*EXERCISE PROMPT*.
For this exercise, write out only the lines of the entries below from the one with "set of cats" up to and including the one with "Free People Distressed Blue Denim Top", exactly as they are. Pictures stay out.

● ● ●

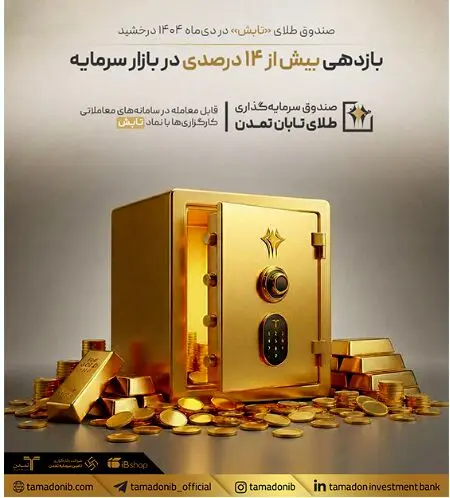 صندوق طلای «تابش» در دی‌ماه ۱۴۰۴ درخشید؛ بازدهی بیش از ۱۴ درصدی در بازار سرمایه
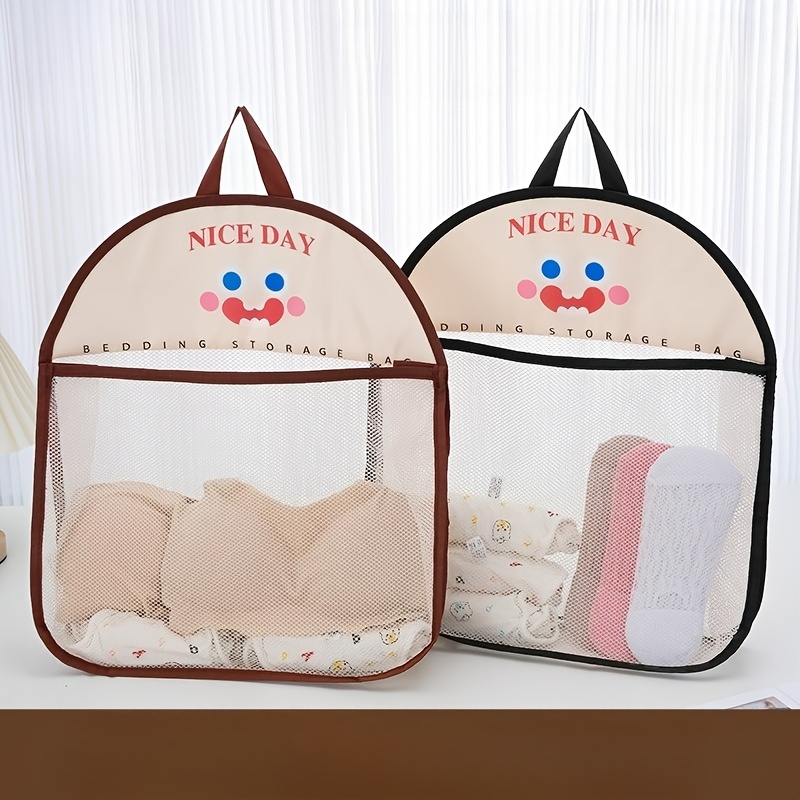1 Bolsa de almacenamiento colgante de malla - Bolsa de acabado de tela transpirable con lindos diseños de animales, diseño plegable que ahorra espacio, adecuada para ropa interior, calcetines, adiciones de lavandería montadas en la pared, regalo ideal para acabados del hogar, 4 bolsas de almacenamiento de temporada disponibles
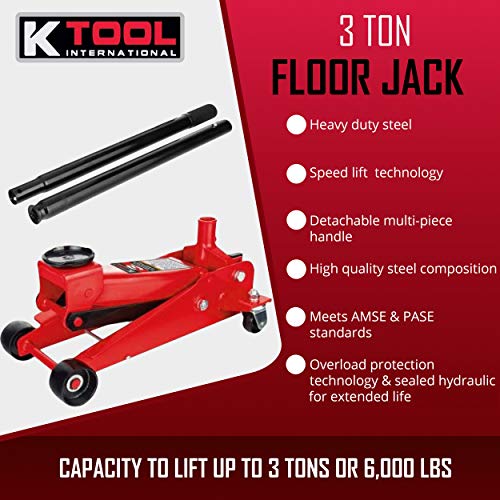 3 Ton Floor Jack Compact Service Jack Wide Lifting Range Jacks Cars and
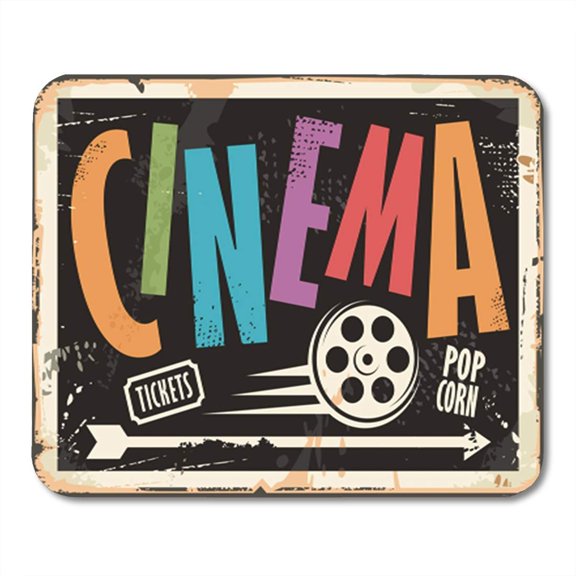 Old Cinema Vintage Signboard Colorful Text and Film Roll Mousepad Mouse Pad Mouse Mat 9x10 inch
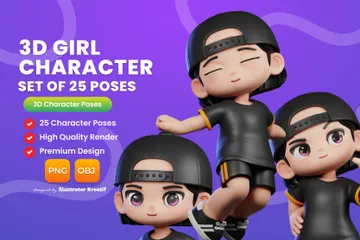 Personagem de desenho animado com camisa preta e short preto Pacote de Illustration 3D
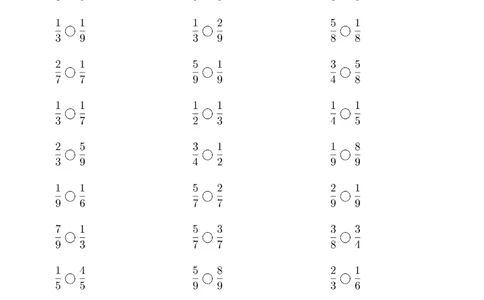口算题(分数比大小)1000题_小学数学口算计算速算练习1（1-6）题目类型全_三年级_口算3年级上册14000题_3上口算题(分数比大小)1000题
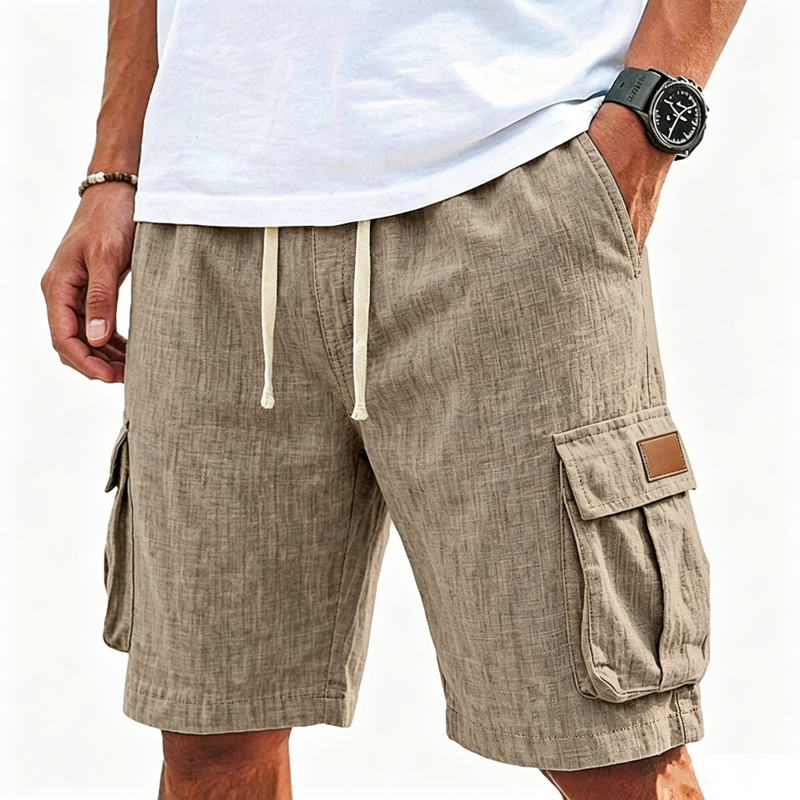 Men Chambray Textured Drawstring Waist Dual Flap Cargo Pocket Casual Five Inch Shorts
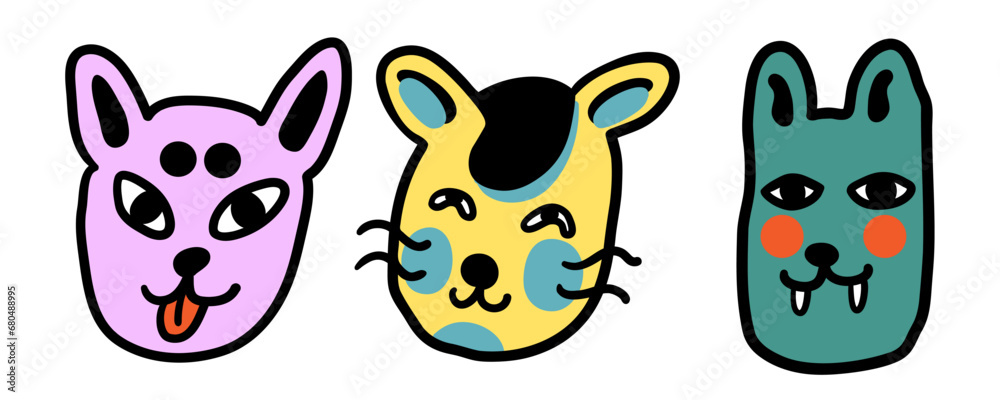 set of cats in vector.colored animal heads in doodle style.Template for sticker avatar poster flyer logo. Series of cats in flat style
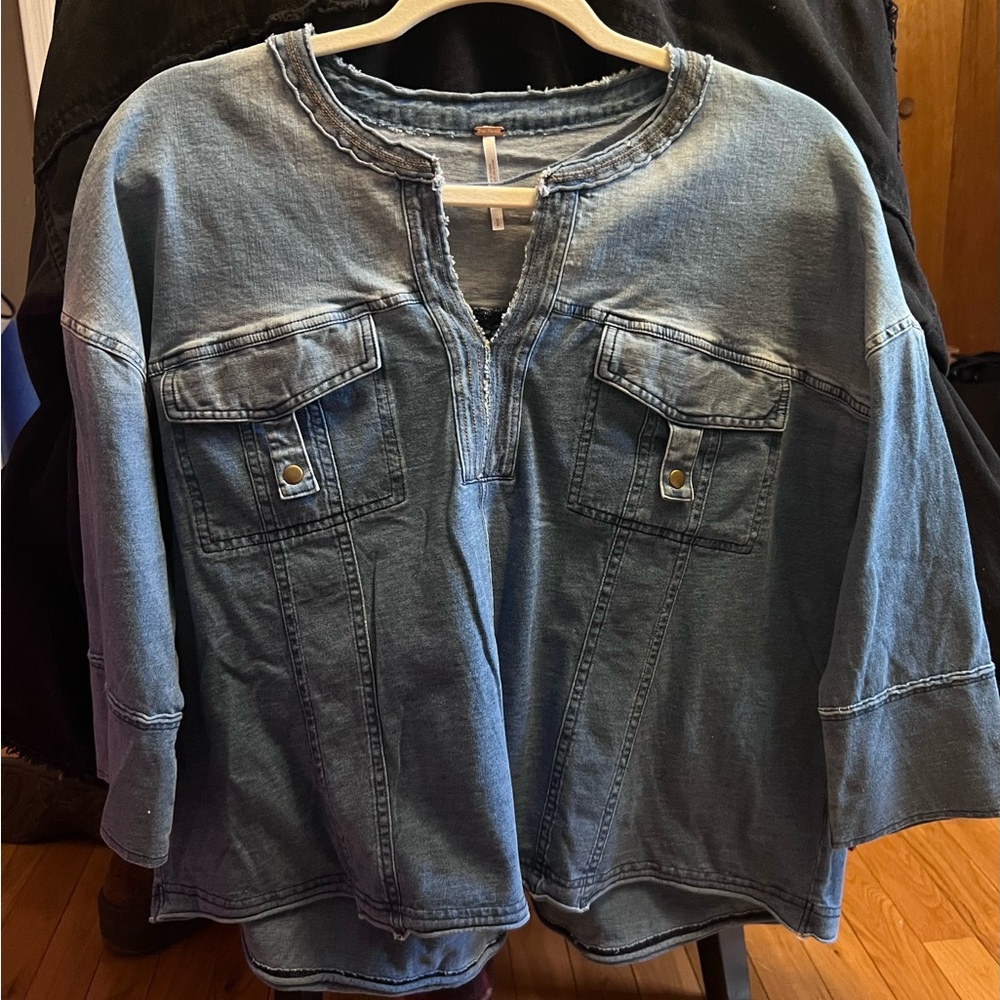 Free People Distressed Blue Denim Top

● ● ●

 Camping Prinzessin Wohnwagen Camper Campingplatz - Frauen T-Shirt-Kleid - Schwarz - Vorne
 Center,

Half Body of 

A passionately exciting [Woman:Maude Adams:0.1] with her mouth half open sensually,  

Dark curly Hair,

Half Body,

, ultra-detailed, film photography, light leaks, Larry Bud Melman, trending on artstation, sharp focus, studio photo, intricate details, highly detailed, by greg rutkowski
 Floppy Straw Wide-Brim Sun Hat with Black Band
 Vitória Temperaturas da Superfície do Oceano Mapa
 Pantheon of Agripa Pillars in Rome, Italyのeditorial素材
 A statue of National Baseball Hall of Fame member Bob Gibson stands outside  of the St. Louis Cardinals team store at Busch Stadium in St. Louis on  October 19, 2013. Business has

● ● ●

*OUTPUT OF THE TASK*.
 set of cats in vector.colored animal heads in doodle style.Template for sticker avatar poster flyer logo. Series of cats in flat style
 Free People Distressed Blue Denim Top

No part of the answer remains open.